Massive Short Squeeze in ETH, ADA, and DOGE Leads to $800 Million in Liquidations, the Largest Since 2023
Crypto Market Sees $750M in Short Liquidations as Ether and Altcoins Surge
A widespread rally in the cryptocurrency market, led by a 20% surge in ether (ETH), has caused over $750 million in short liquidations in just 24 hours—the largest single-day total since 2023. According to CoinGlass data, more than 84% of these liquidations were from short positions, highlighting the intense reaction as altcoins surged 10% to 20% in a matter of hours starting late Thursday.
Ether, which led the charge, surged 20%, briefly surpassing the $2,000 mark for the first time since March. Meanwhile, Dogecoin (DOGE) and Cardano (ADA) saw gains of more than 10%, while other major altcoins like Solana (SOL), Binance Coin (BNB), and XRP rose at least 7%, spurred by a strong wave of positive sentiment and momentum-driven buying.

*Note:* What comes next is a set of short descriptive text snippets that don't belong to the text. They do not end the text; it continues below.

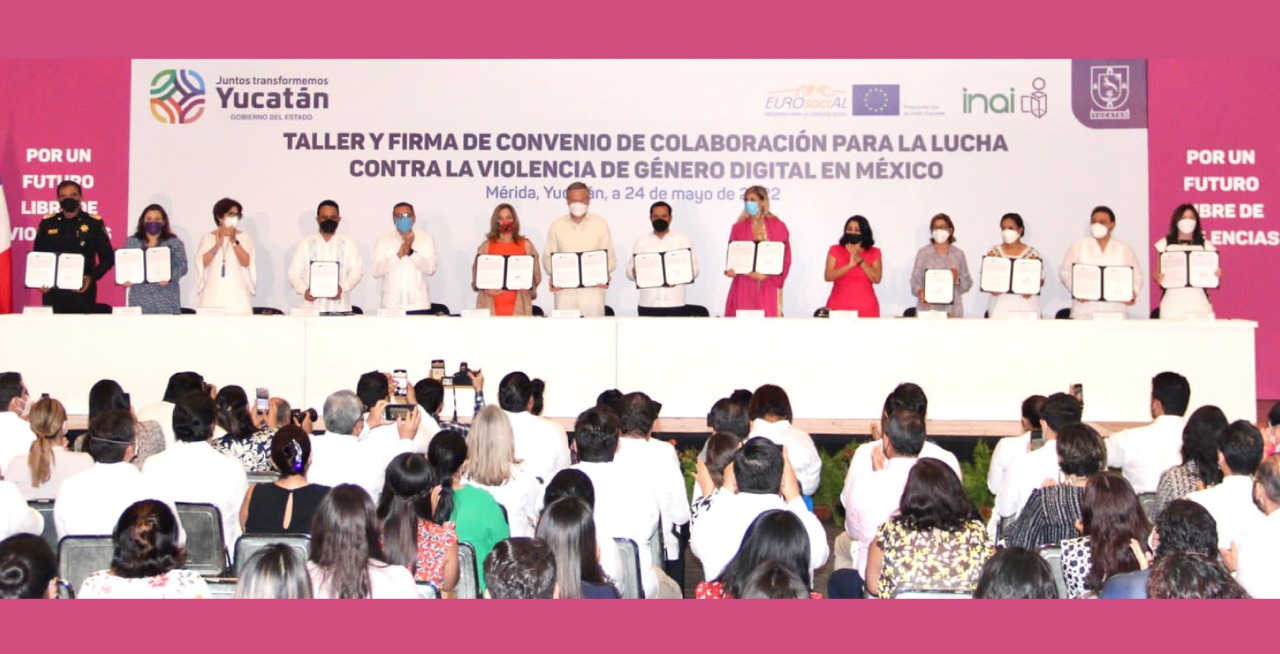 Firman convenio contra la violencia de género digital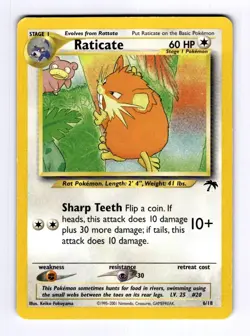 Raticate Southern Islands #06 (1999) Promo Promo MP Pokemon - Image 1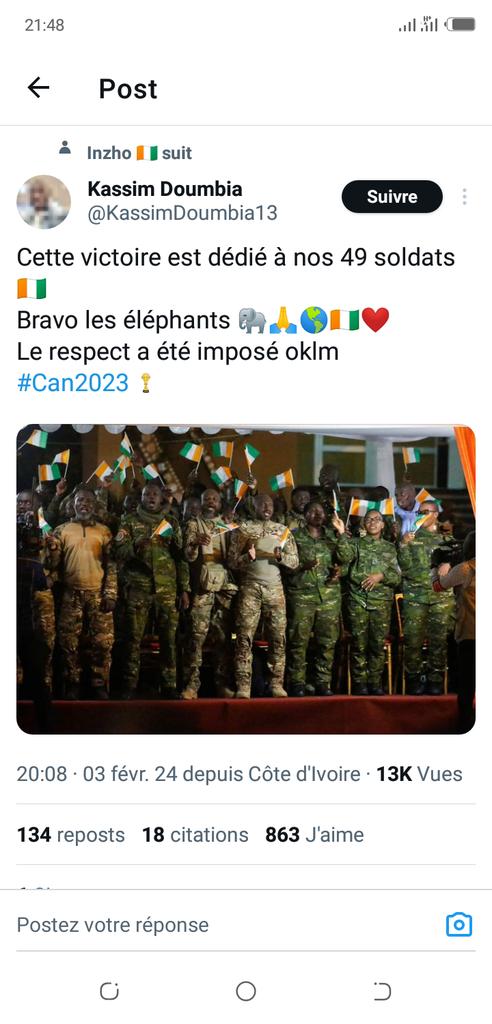 SogobaSeho's tweet image. On m'a pourtant dit que de ne pas mélanger le football à la politique
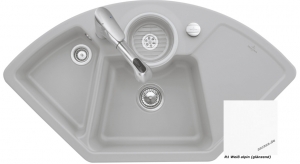 Villeroy & Boch Solo Eck, Farbe R1 Weiss alpin, Classicline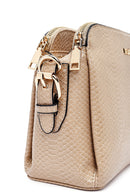 Woman Beige Printed Crossbody Bag | Derimod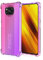 WILLIS Funda para Poco X3 Pro/Poco X3 NFC, Carcasa Protectora de Color Degradado Transparente, 6.67 Case para Teléfono Anticaída y Antiarañazos Rosado Morado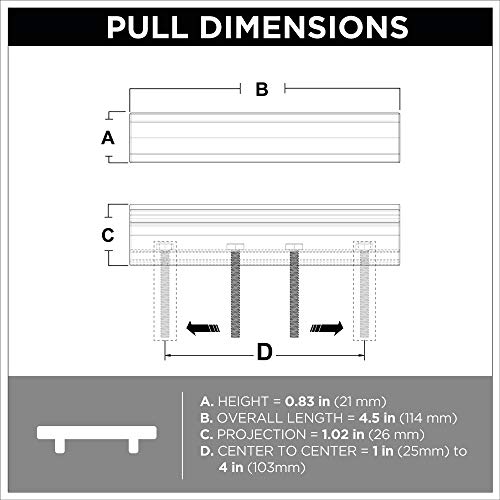 Franklin Brass P43967K-Vbc-Cp Classic Curve Adjusta Cabinet Pull, Adjustable, Bronze With Copper Highlights, 1" To 4", 5-Pack #TOP7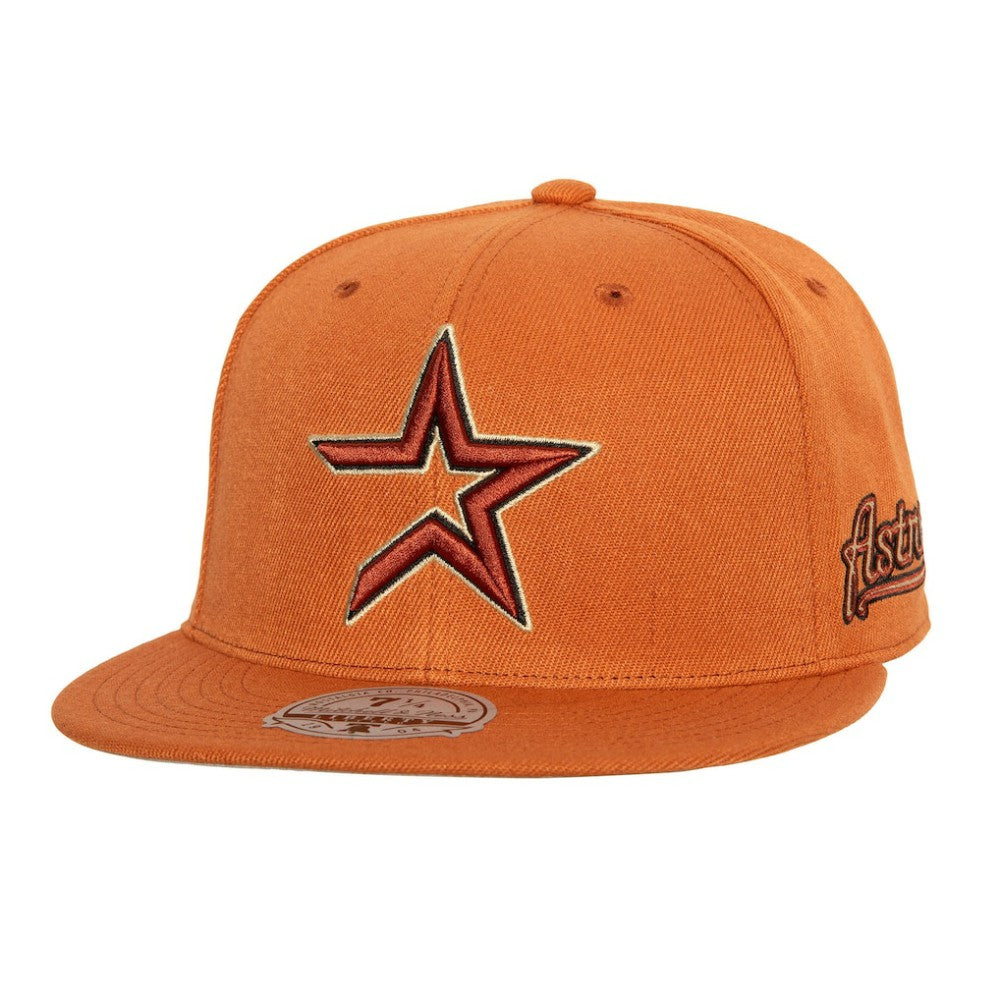 Houston Astros Mitchell & Ness Cooperstown Collection Fitted Hat - MLB Hats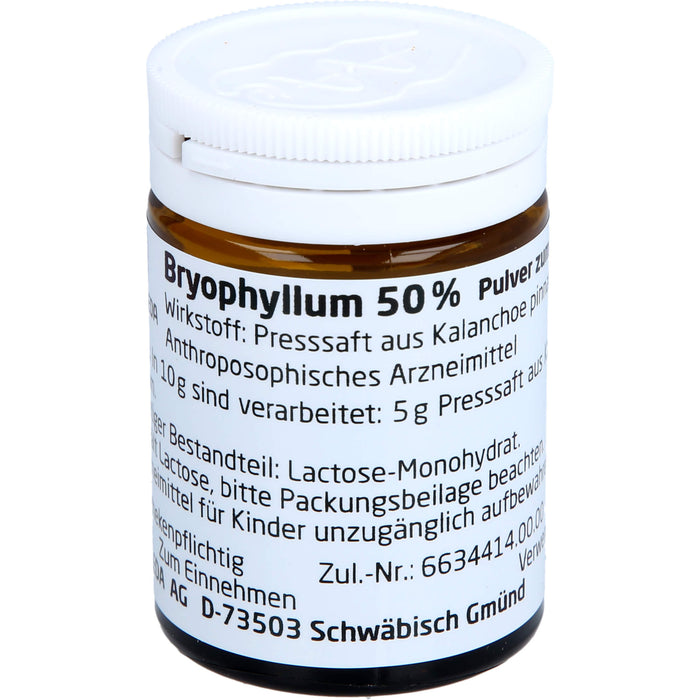 WELEDA Bryophyllum 50 % Pulver, 20 g Poudre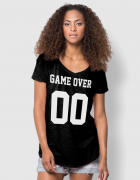 Μπλουζάκι με στάμπα GameOver 00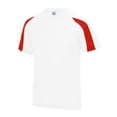 thumbnail image 1 of Just Cool Kids Big Boys Contrast Plain Sports T-Shirt, 1 of 4
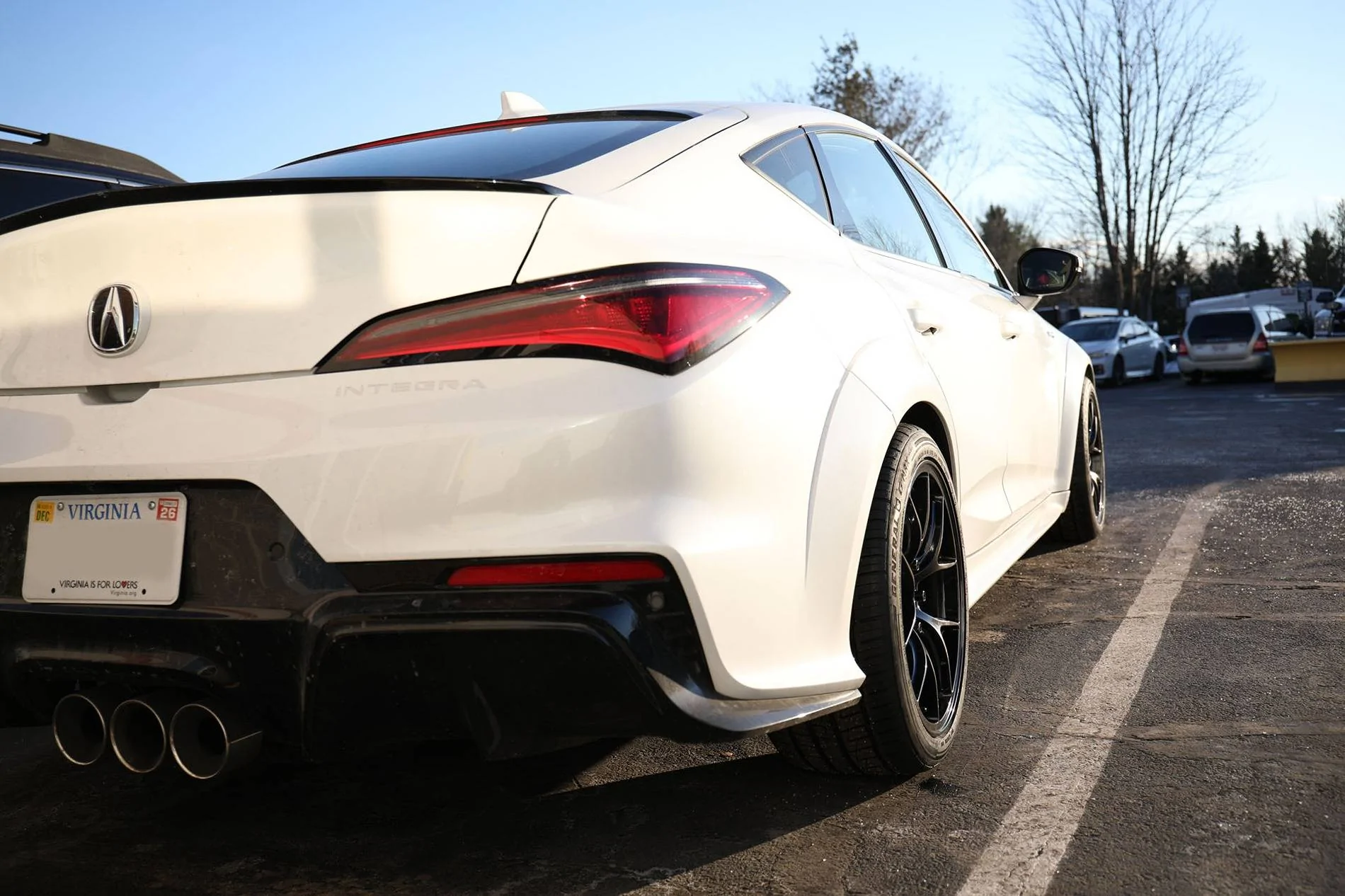 Acura Integra Official Wheel Fitment Thread for DE5 Acura Integra Type S Rota KB-R 1895 38 on Type S rear tire fitment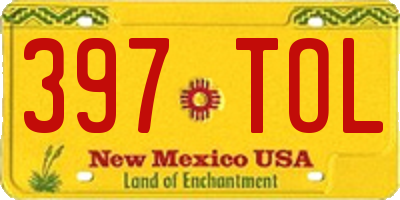 NM license plate 397TOL
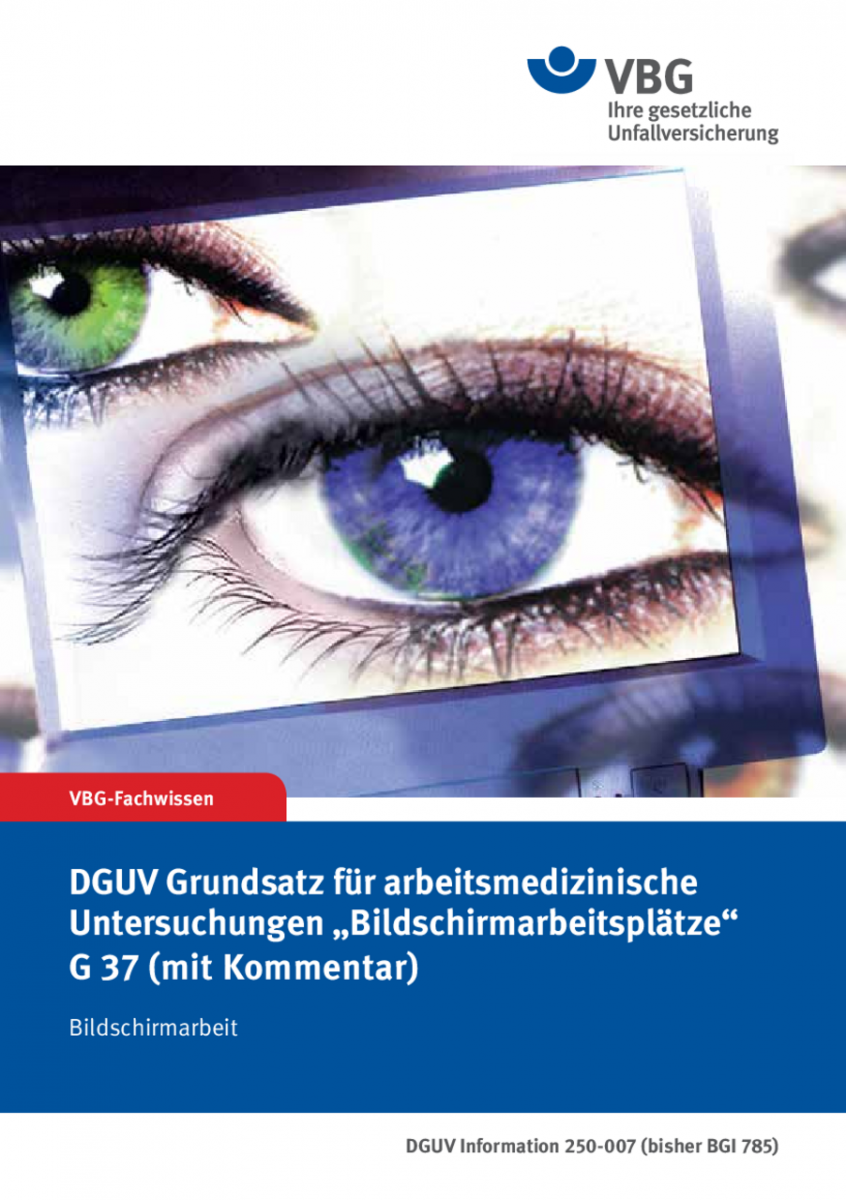 DGUV Grundsatz Für Arbeitsmedizinische Vorsorgeuntersuchungen ...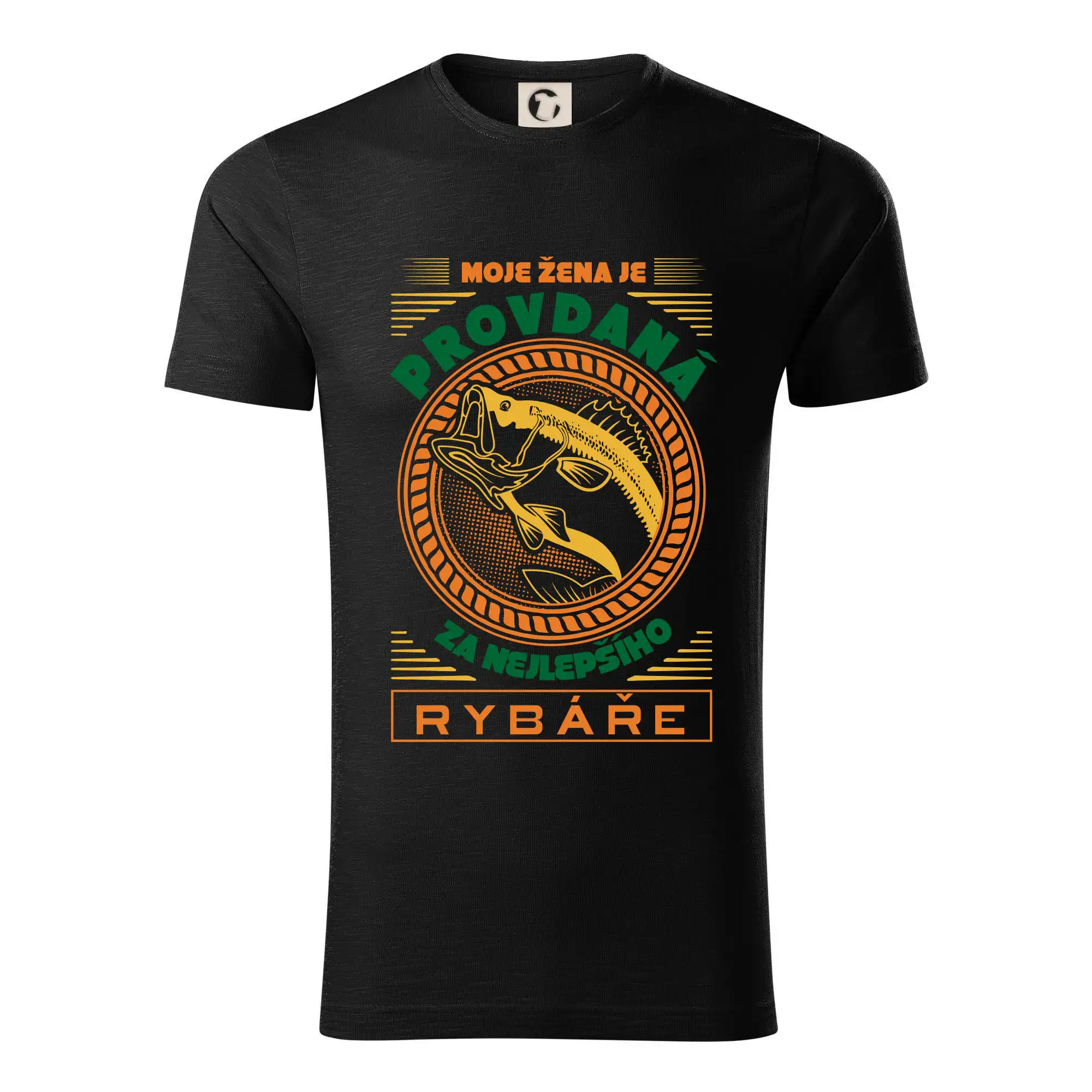 Tričká pre rybárov s potlačou - MOJA ŽENA JE vydatá za najlepšieho rybárov - Tričko z organickej bavlny
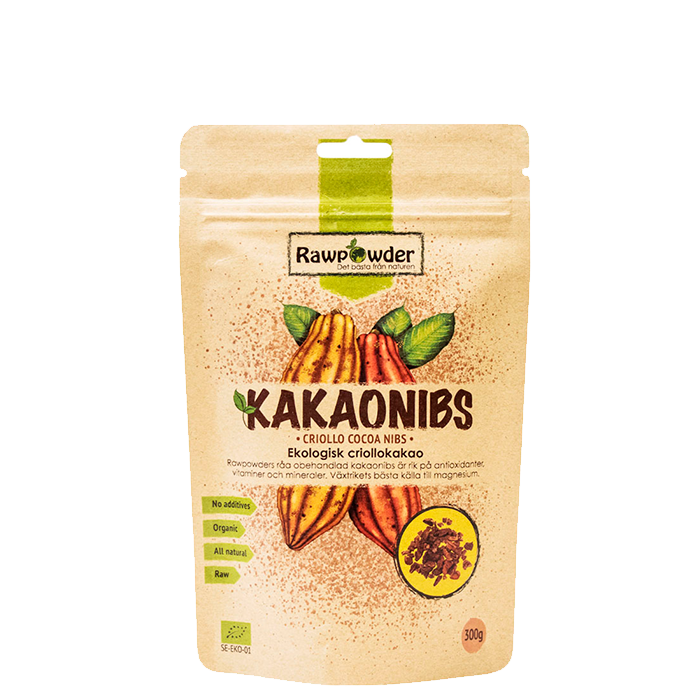 Ekologiska Kakaonibs 300 g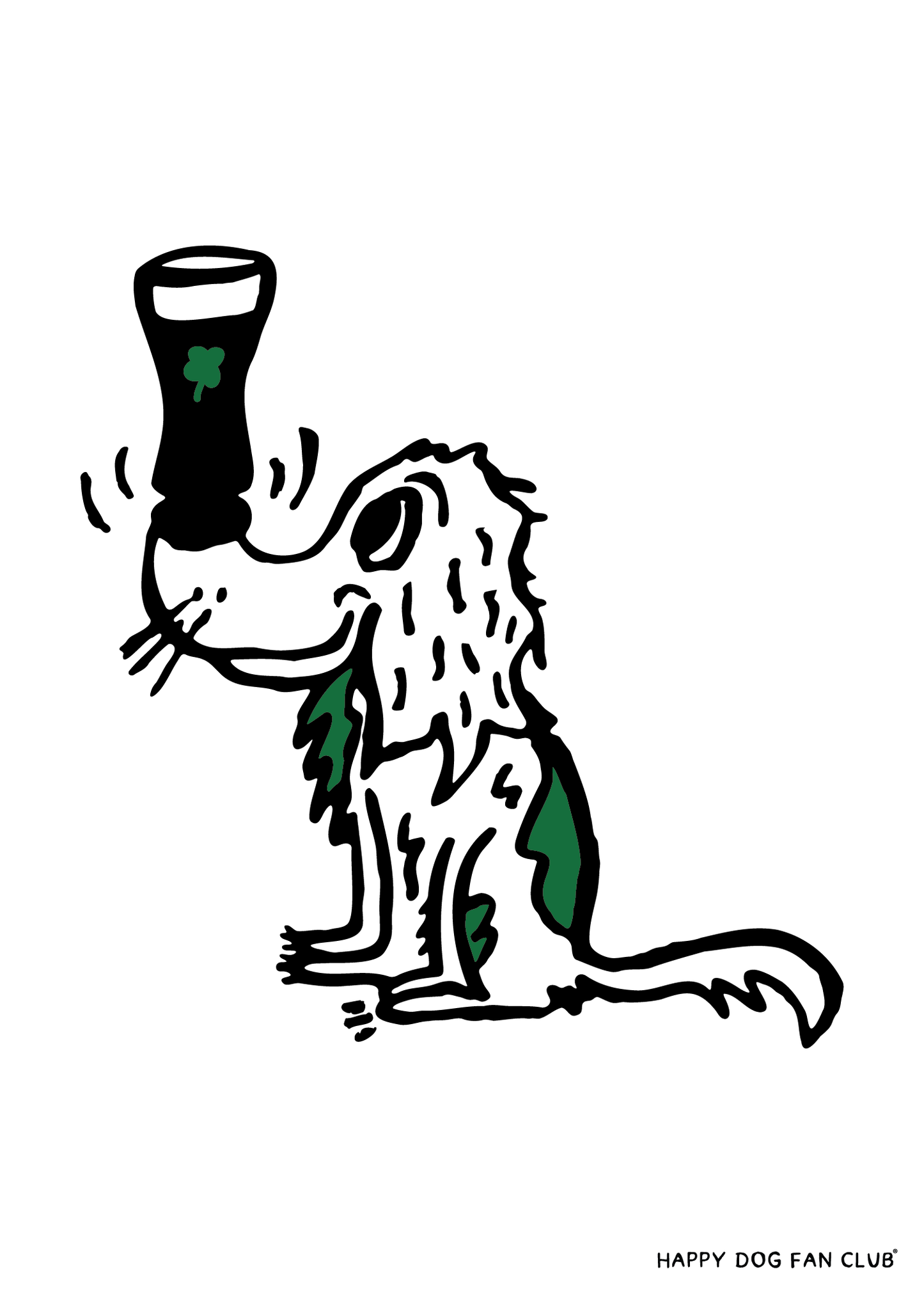 Pup & Pint Art Print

Liquidations occur when a trader’s leveraged position is forcibly closed due to insufficient margin, often causing a snowball effect of forced sales. These large-scale liquidations typically indicate extreme market conditions, which could signal a potential turning point. When the short liquidations pile up, the market may be set for a reversal as the excessive bearish sentiment is corrected.
The surge in crypto prices coincided with Bitcoin’s rally past the $100,000 level on Thursday, aided by positive sentiment surrounding a trade deal between the U.S. and the UK.
The liquidation event on Thursday ranks among the most severe in recent months, surpassing the March squeeze that wiped out over $550 million as Bitcoin surged to $93,000. An April rally in ETH and DOGE had already liquidated $500 million in short positions, but this latest rally outpaced both, showing an increase in market risk appetite.
The biggest share of liquidations came from Binance and OKX, which together accounted for more than $500 million. ETH alone saw over $310 million in liquidations, while Bitcoin futures accounted for $375 million.
The short squeeze on ether came after a period of low volatility and waning interest from both institutional investors and retail traders. However, Ethereum’s recent Pectra upgrade may be sparking renewed confidence, with traders positioning themselves for potential gains.